PROBLEM STATEMENT
Without pictures, repeat the lines of the entries from the one containing "Genç (18+)..." through the last, both ends included, and nothing else.

Data extracted from a collection
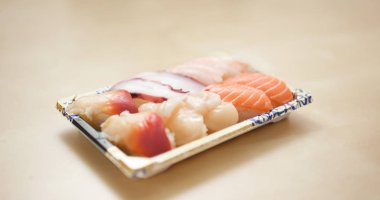 Suşi almak yiyip yakın 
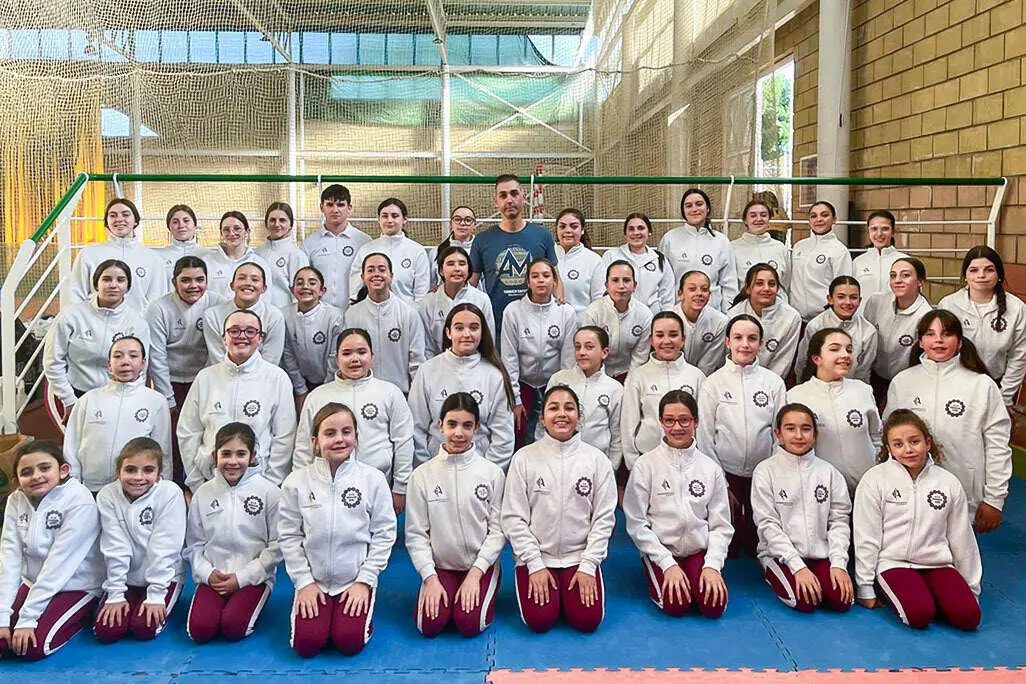 Integrantes de la delegaci&oacute;n rabanera de Fitkid, junto al concejal &Aacute;lvaro Calso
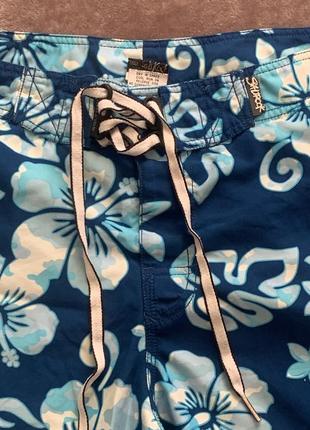 Яркие пляжные шорты плавки saltrock с цветочным принтом размер l3 фото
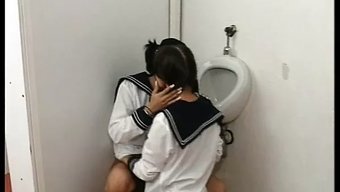 Genç (18+)...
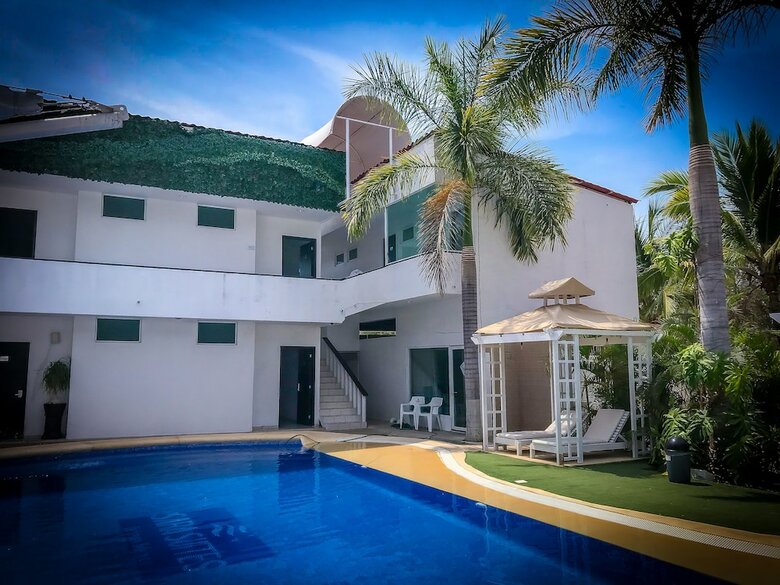 Hotel Sara Suites Ixtapa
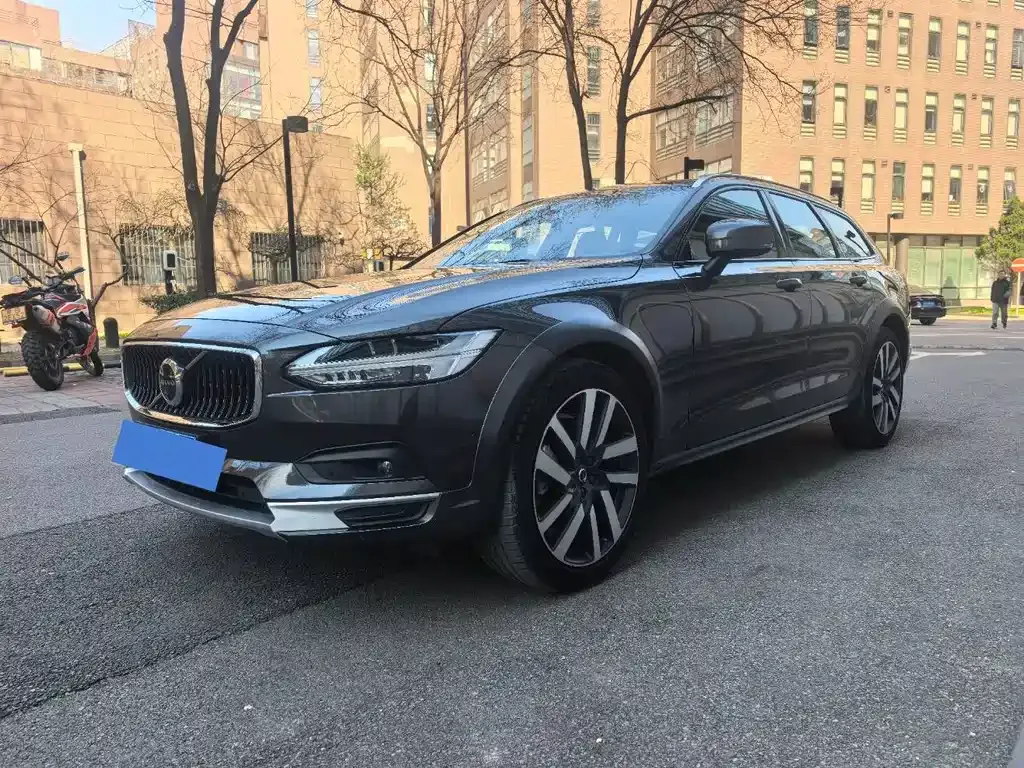 Volvo V90 — фото 1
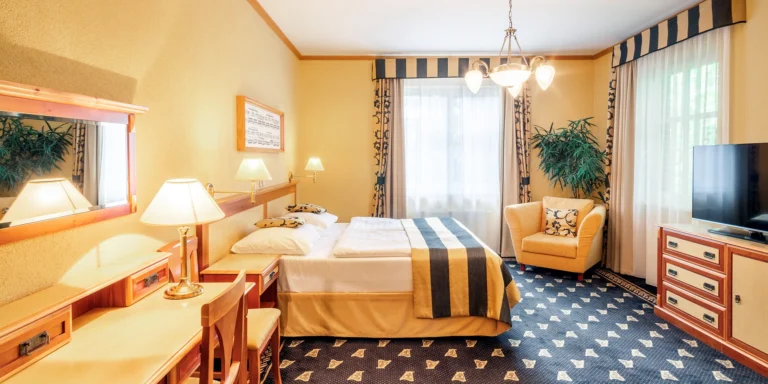 Relax v klidné části Mariánských Lázní: snídaně i polopenze, wellness a procedury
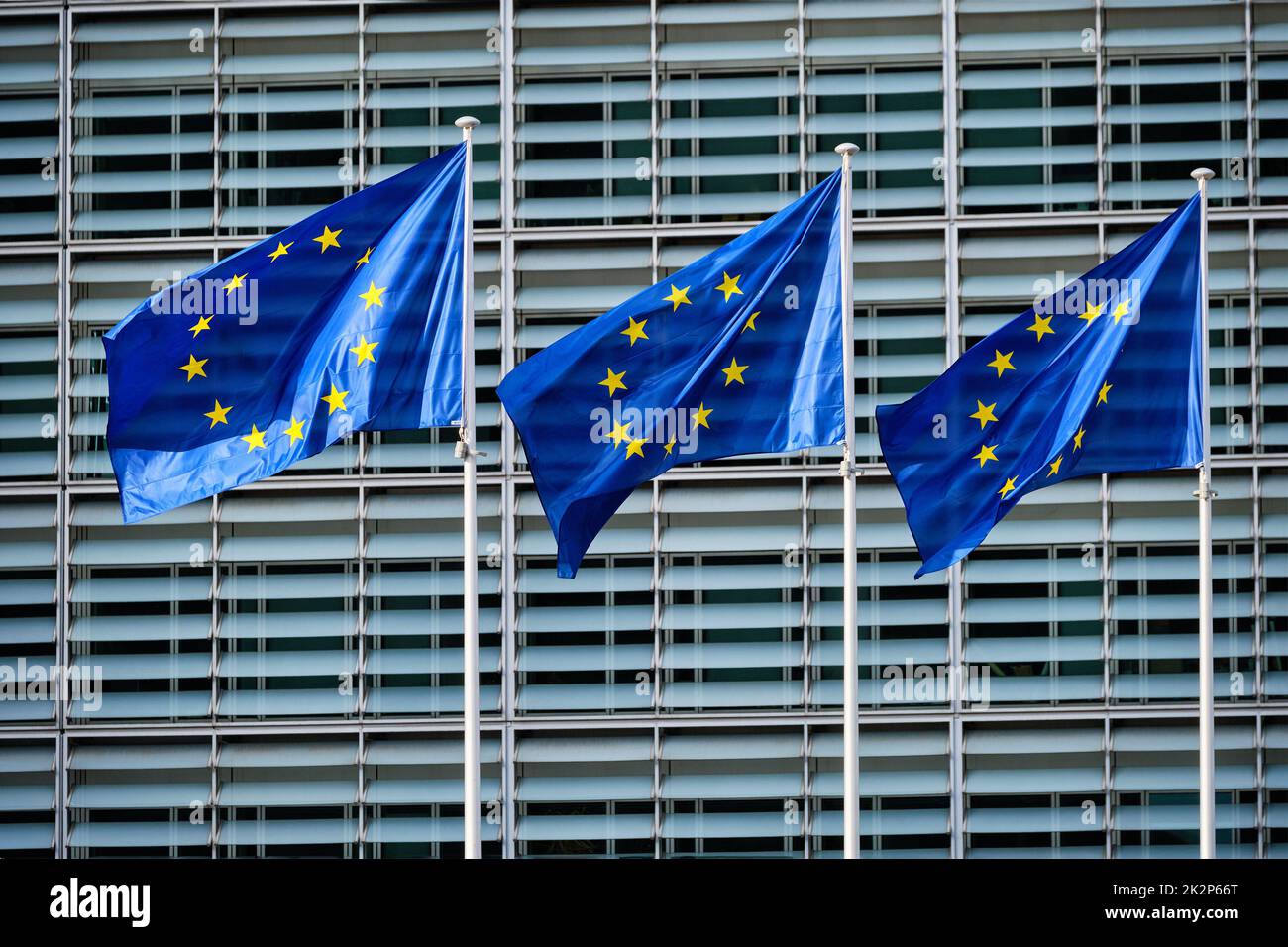 EU-Flaggen vor der Europäischen Kommission Stockfoto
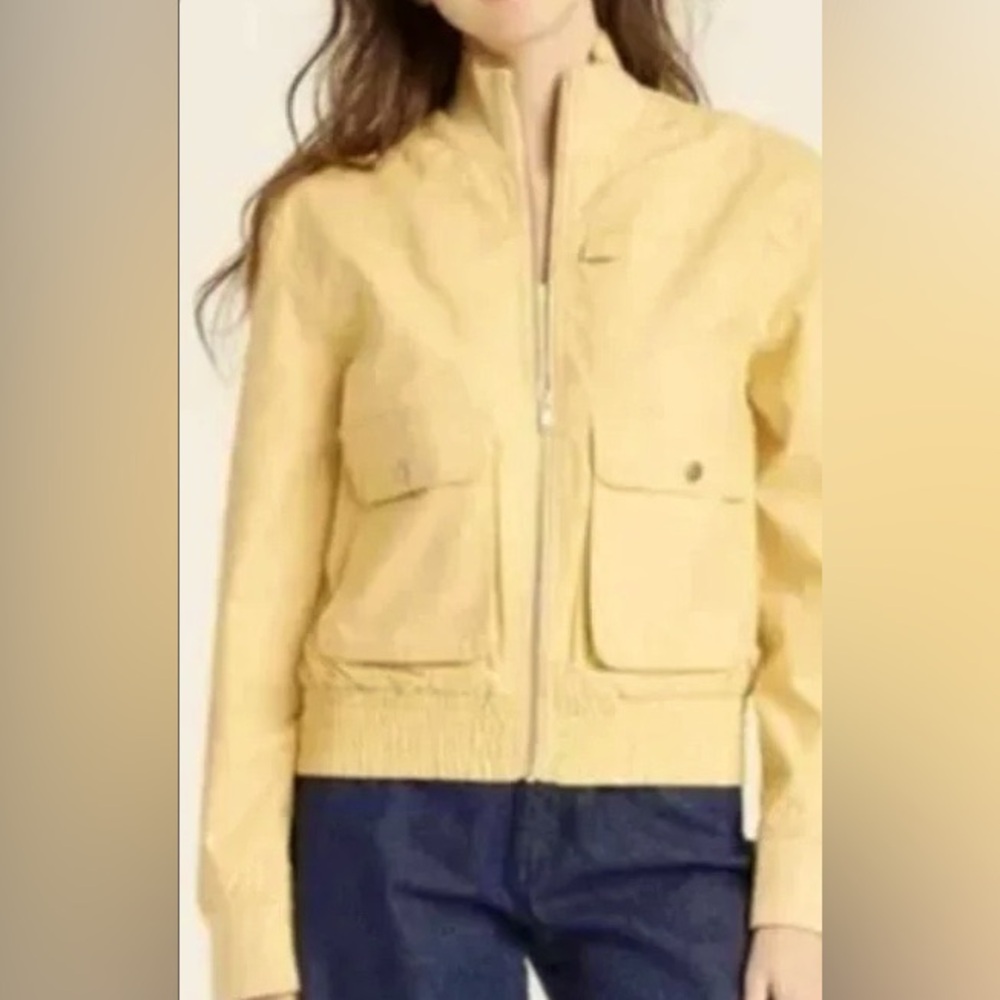 Butter yellow- a soft flattering color Lightweight lined jacket size XL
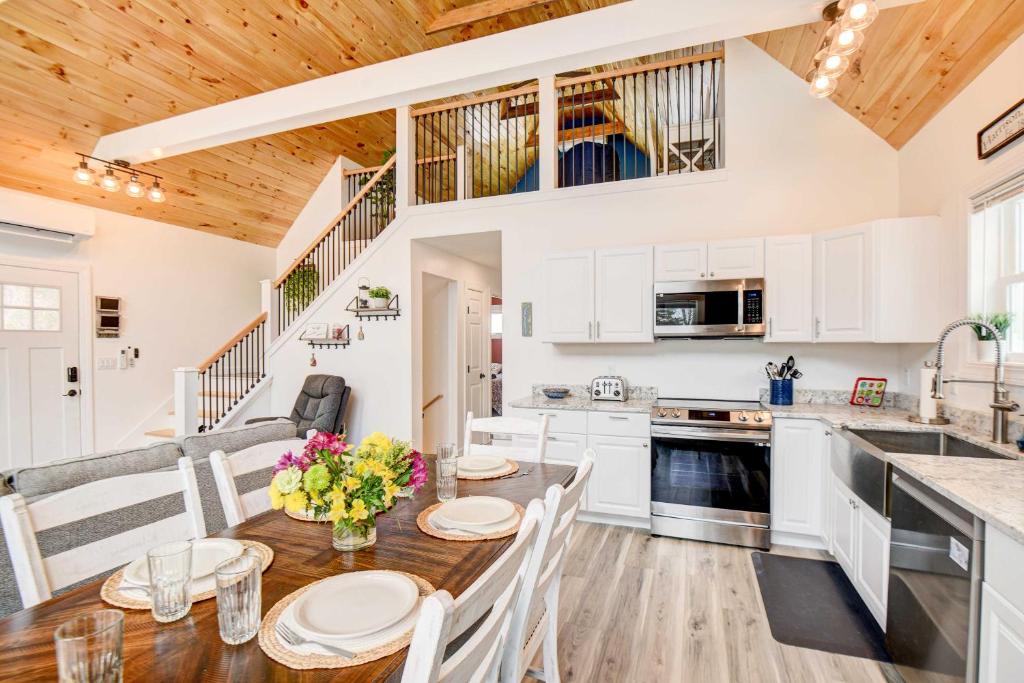 Maine Retreat with Balcony 5 Mi to Lakes, Harrison (updated prices 2024)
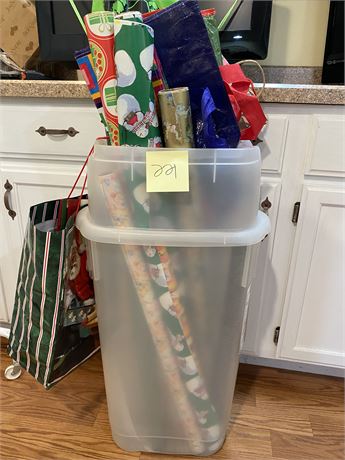 Rubbermaid Wrap-N-Craft Storage Container and Gift Wrap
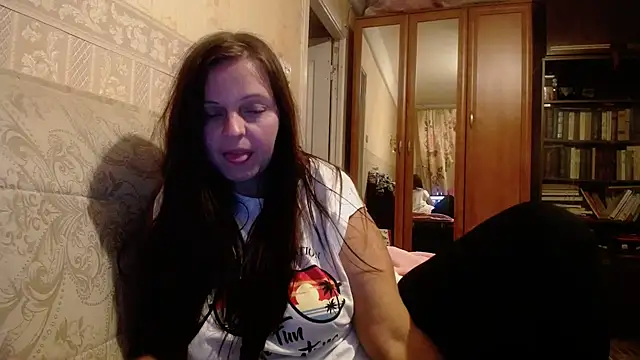 Snapshot of CatMelissa chatting on October 1, 9:40 pm CatMelissa online show from October 1, 9:40 pm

SOLUTION BELOW
 Genç (18+)...
 Hotel Sara Suites Ixtapa
 Volvo V90 — фото 1
 Relax v klidné části Mariánských Lázní: snídaně i polopenze, wellness a procedury
 EU-Flaggen vor der Europäischen Kommission Stockfoto
 Butter yellow- a soft flattering color Lightweight lined jacket size XL
 Maine Retreat with Balcony 5 Mi to Lakes, Harrison (updated prices 2024)
 Rubbermaid Wrap-N-Craft Storage Container and Gift Wrap
 Snapshot of CatMelissa chatting on October 1, 9:40 pm CatMelissa online show from October 1, 9:40 pm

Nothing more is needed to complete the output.